***** DATA EXCERPTS *****
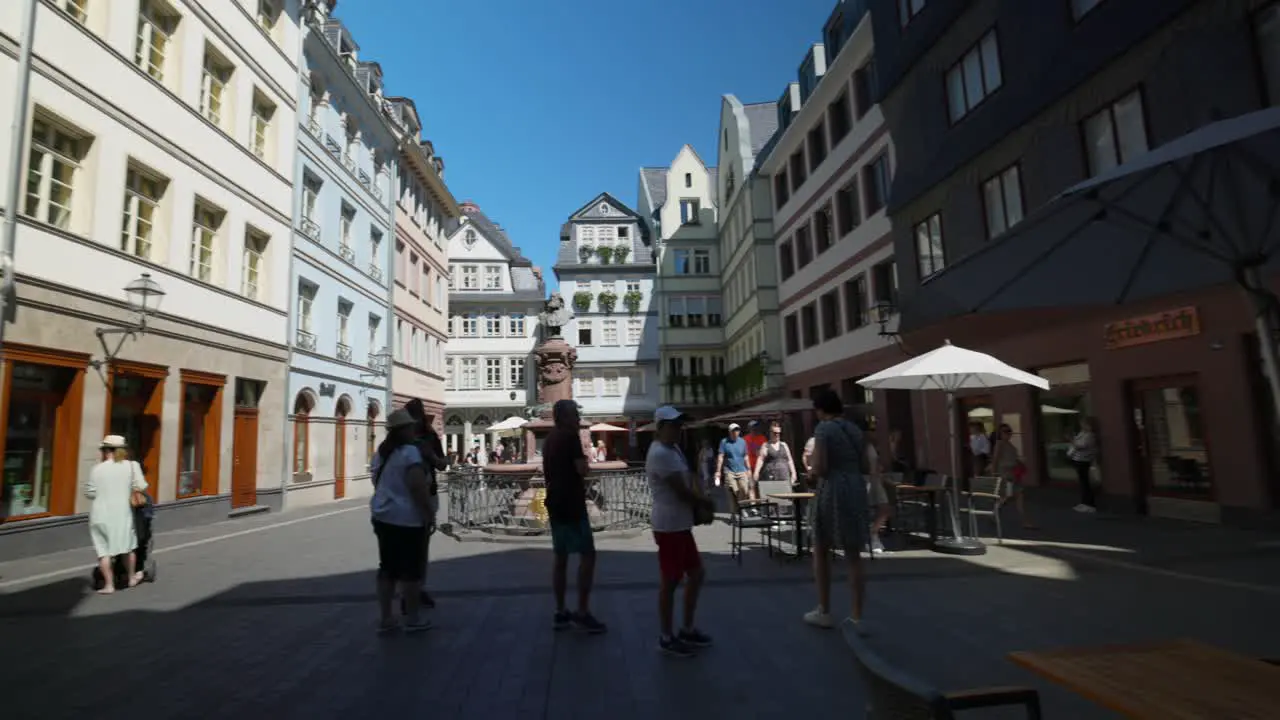 Scene Of Crowded People On The Famous City With Cafes And Restaurants In Frankfurt Germany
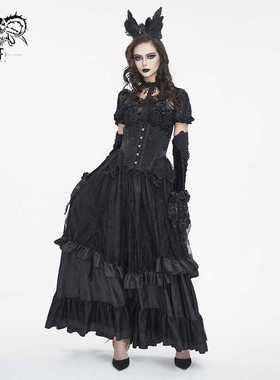 Devil fashion 黑色哥特腰果花高腰半身裙【SKT19801 SKT19802】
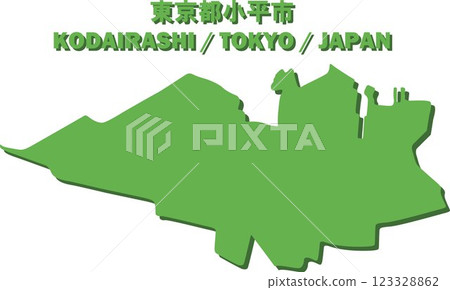 Vector illustration map of Kodaira city, Tokyo - Map of Japan - 123328862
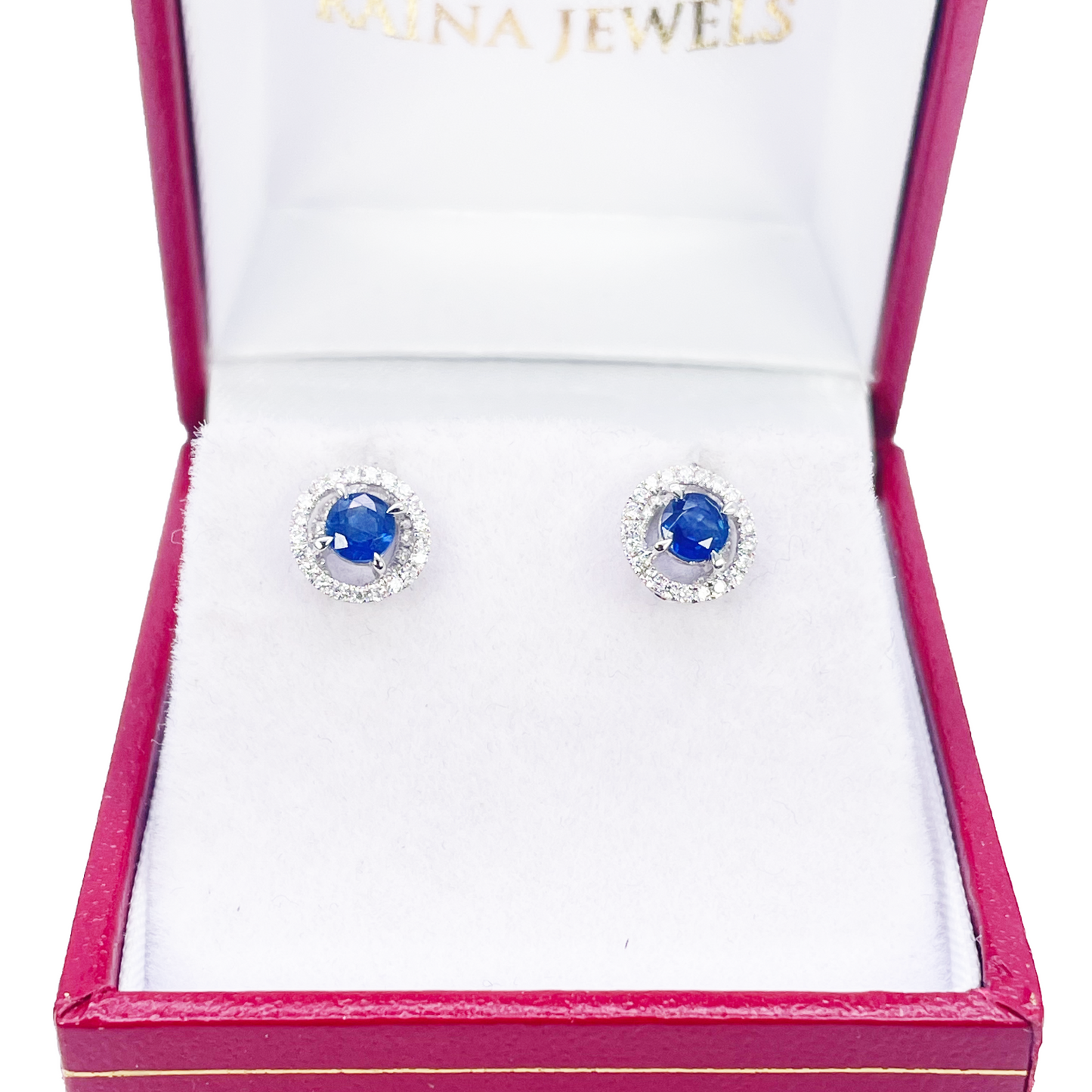 18ct Gold Natural Sapphire Diamond Round Stud Earrings 0.60ct 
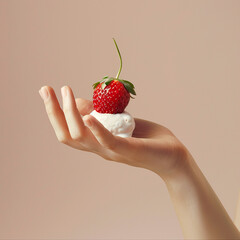 Hand holding a strawberry with cream, showcasing a delicious and simple dessert concept with copy space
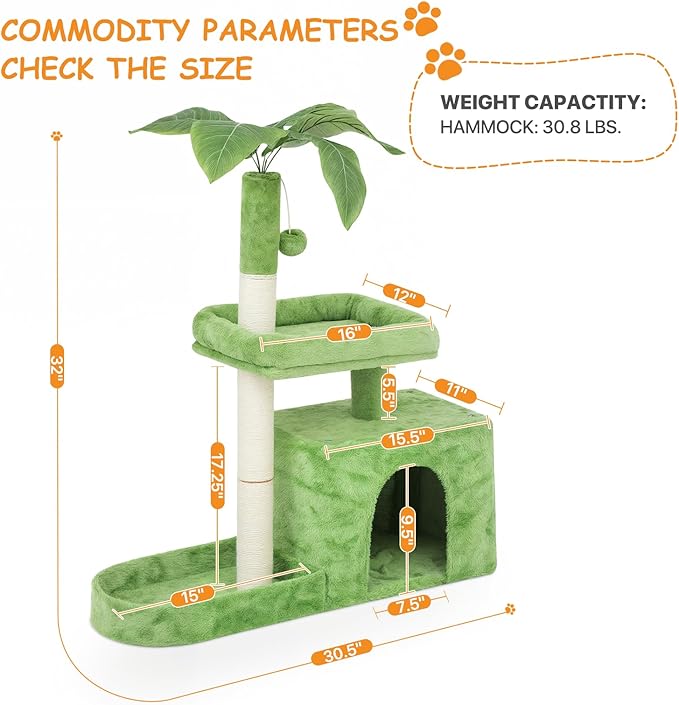 Cat Tree, 32 Inch Cat Tower with Scratching Posts, 1 Caves,1 Pompom,1 Hammock, Green Leaves and Cozy Condo, Cat House Cat Tree for Indoor Cats Large Adult - Green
*****
▶ _PROBLEM REQUIREMENTS_
Nothing may be altered when you restate the records, but every picture must be dropped.

▶ _EXERCISE RESULT_
 Scene Of Crowded People On The Famous City With Cafes And Restaurants In Frankfurt Germany
 Devil fashion 黑色哥特腰果花高腰半身裙【SKT19801 SKT19802】
 Vector illustration map of Kodaira city, Tokyo - Map of Japan - 123328862
 18ct Gold Natural Sapphire Diamond Round Stud Earrings 0.60ct 
 Hand holding a strawberry with cream, showcasing a delicious and simple dessert concept with copy space
 Cat Tree, 32 Inch Cat Tower with Scratching Posts, 1 Caves,1 Pompom,1 Hammock, Green Leaves and Cozy Condo, Cat House Cat Tree for Indoor Cats Large Adult - Green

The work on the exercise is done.